The multichannel sound signal generating unit 210 may select a suitable second HRTF based on a location at which a virtual sound source is to be localized (e.g., an elevation angle). The multichannel sound signal generating unit 210 may select a second HRTF corresponding to a virtual sound source by using mapping information between the location of the virtual sound source and the HRTF. Information regarding the location of the virtual sound source may be received via a (software or hardware) module, such as an application, or may be input by a user.

The frequency range determining unit 230 determines at least one frequency range of a dynamic cue according to a change of an HRTF indicating information regarding paths from the spatial location of an actual speaker to the ears of an audience.

As described above, the first HRTF and the second HRTF included in the first filter are generalized HRTFs. Therefore, when locations of the ears of an audience change as the audience moves its head or the audience moves, information regarding paths from the spatial location of the actual speaker to the ears of the audience is also changed. As a result, it may be difficult for the audience to receive a sense of elevation from the output sound signal 295 due to the dynamic cue based on factors including the change of the locations of the ears of the audience. The dynamic cue refers to the basis for receiving a sense of elevation of the output sound signal 295 (e.g., spectrum peaks and notches of sound pressure reaching the eardrums via which an audience recognizes sense of elevation). Therefore, if the basis is changed, the audience is unable to receive the sense of elevation of the output sound signal 295.
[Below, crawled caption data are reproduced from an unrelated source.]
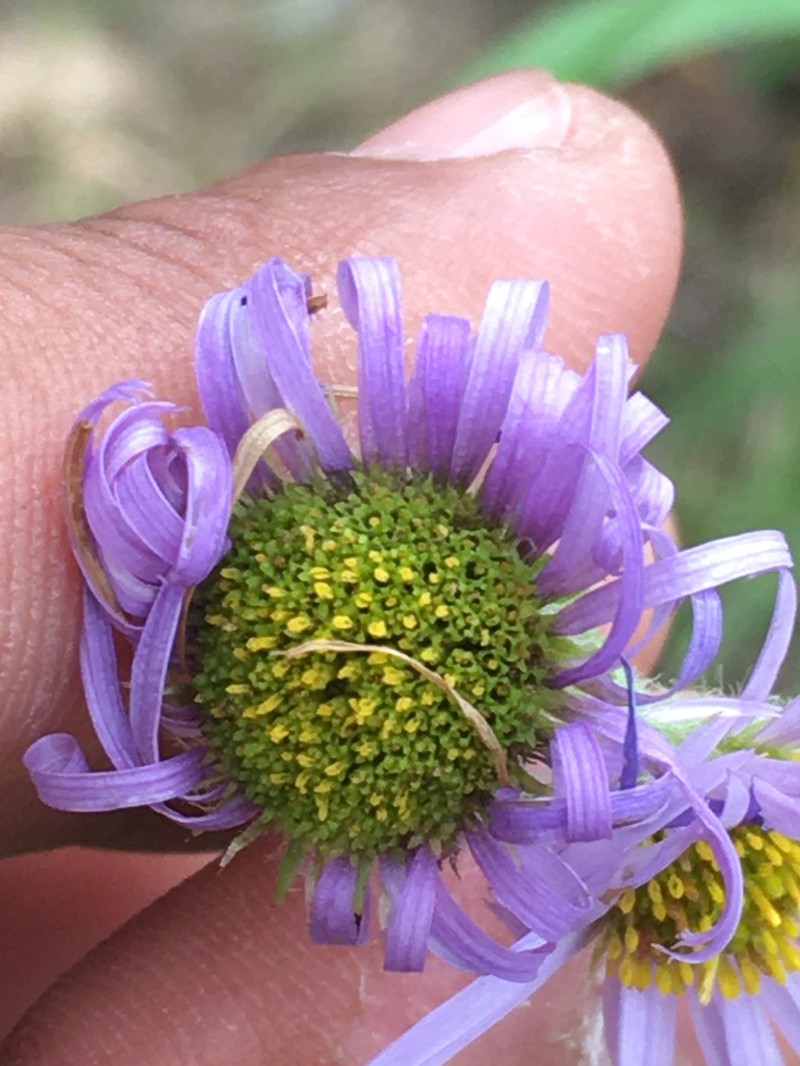 Yukon Fleabane photo 6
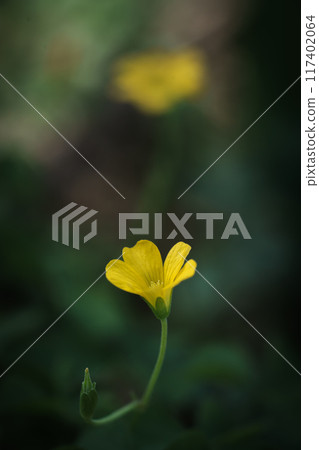 Along the road where wood sorrel blooms 117402064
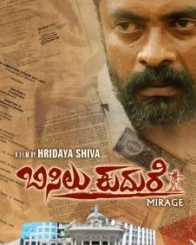 ಬಿಸಿಲು ಕುದುರೆ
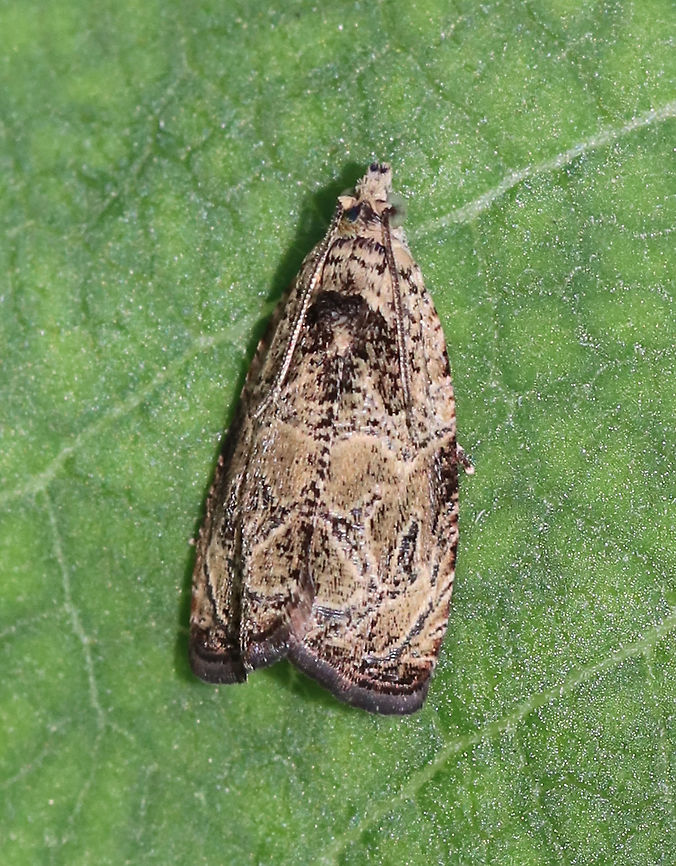 Raspberry Leafroller Moth - Olethreutes permundana Habitat: Resting on vegetation in a small, rural garden bordering a mixed, swampy forest. Geotagged,Olethreutes permundana,Raspberry Leafroller Moth,Summer,United States,moth,moth week 2019
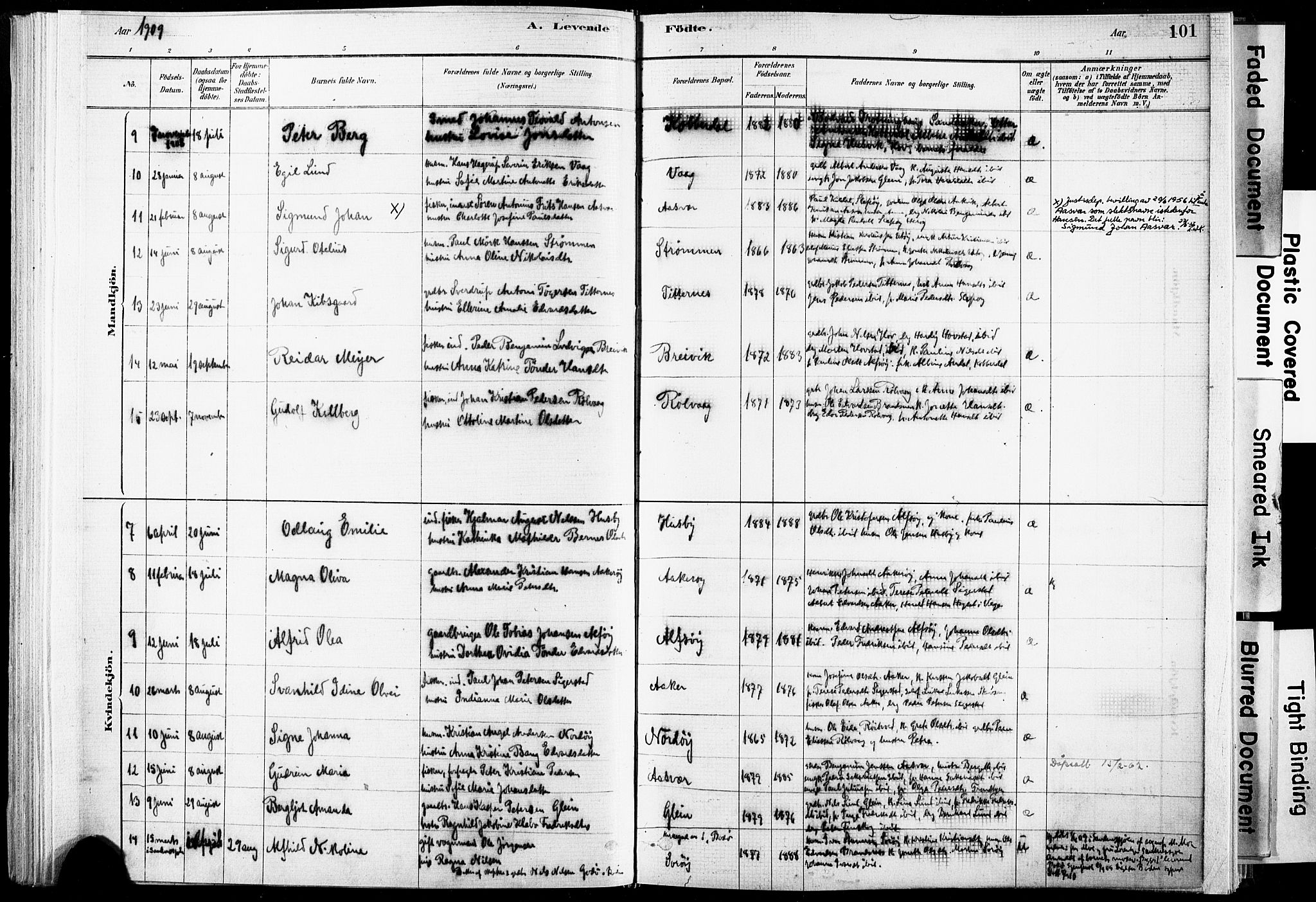 Ministerialprotokoller, klokkerbøker og fødselsregistre - Nordland, AV/SAT-A-1459/835/L0525: Ministerialbok nr. 835A03I, 1881-1910, s. 101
FIGS. 5A and 5B are diagrams for describing a frequency range of a dynamic cue.

FIG. 5A is a graph showing a magnitude M of a generalized first HRTF, which indicates information regarding paths from the spatial location of an actual speaker to the ears of an audience, in the frequency f domain, whereas FIG. 5B is a graph showing a magnitude M of a changed HRTF, which indicates information regarding paths from the spatial location of an actual speaker to the ears of an audience and is changed due to changes of the locations of the ears of the audience, in the frequency f domain.
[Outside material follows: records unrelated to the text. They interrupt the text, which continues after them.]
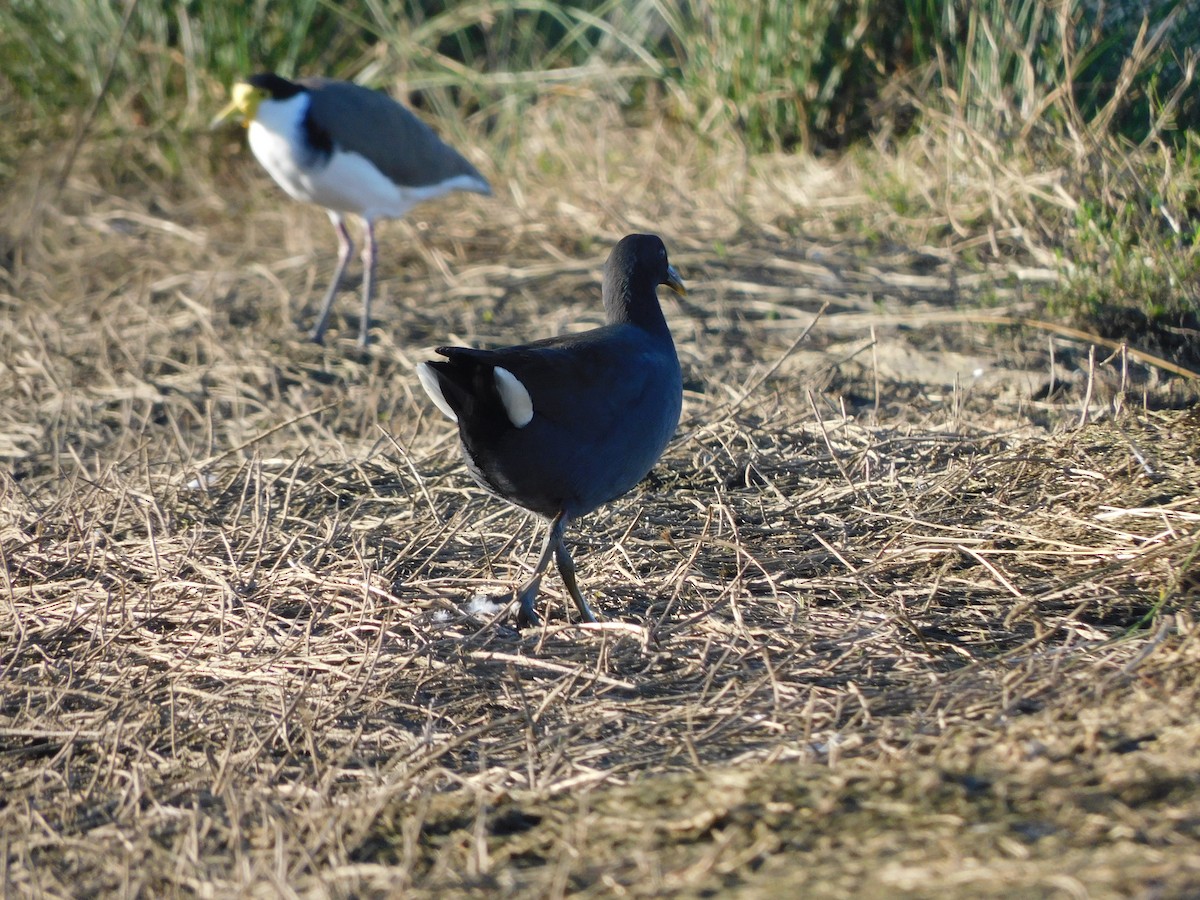 Dusky Moorhen - ML639269312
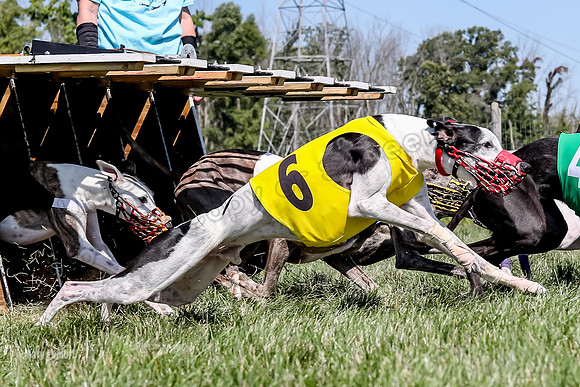 Program 2 Race 9, Kraken Lola Halford Grim Addie Cheers-5068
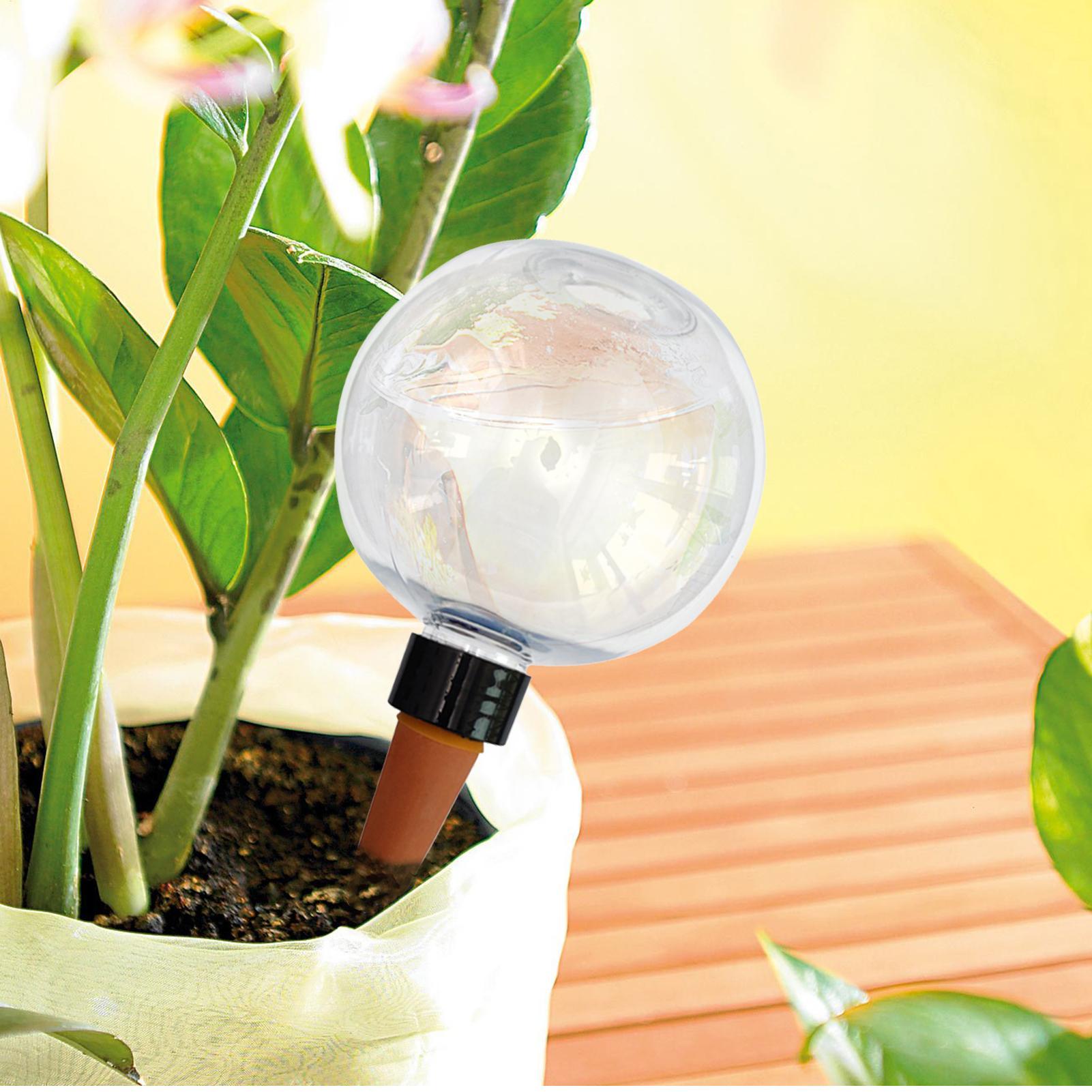 500ml Automatic Plant Watering - Automatic Plant Waterer บทวิจารณ์และราคา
Referring to FIGS. 5A and 5B, in the HRTF in the frequency domain, the magnitude M of an HRTF signal in the L section is changed due to factors including changes of the locations of the ears of the audience. In other words, the audience may be unable to receive a sense of elevation of the output sound signal 295 due to the change of the HRTF in the L section.

The L section may be determined in any of various manners. For example, the L section may be determined by comparing an HRTF at a first elevation to HRTFs at second elevations that are very close to the first elevation. Alternatively, the L section may be determined by comparing the HRTF at the first elevation to an HRTF corresponding to locations of the ears of an audience.

Referring back to FIG. 2, the second filtering unit 250 may apply a second filter to a sound signal of at least one channel from among a multichannel sound signal to which the first filter is applied. The multichannel sound signal localizing apparatus 200 may further include an output unit (e.g., a speaker, a communication interface, etc.) which outputs a multichannel sound signal to which the second filter is applied.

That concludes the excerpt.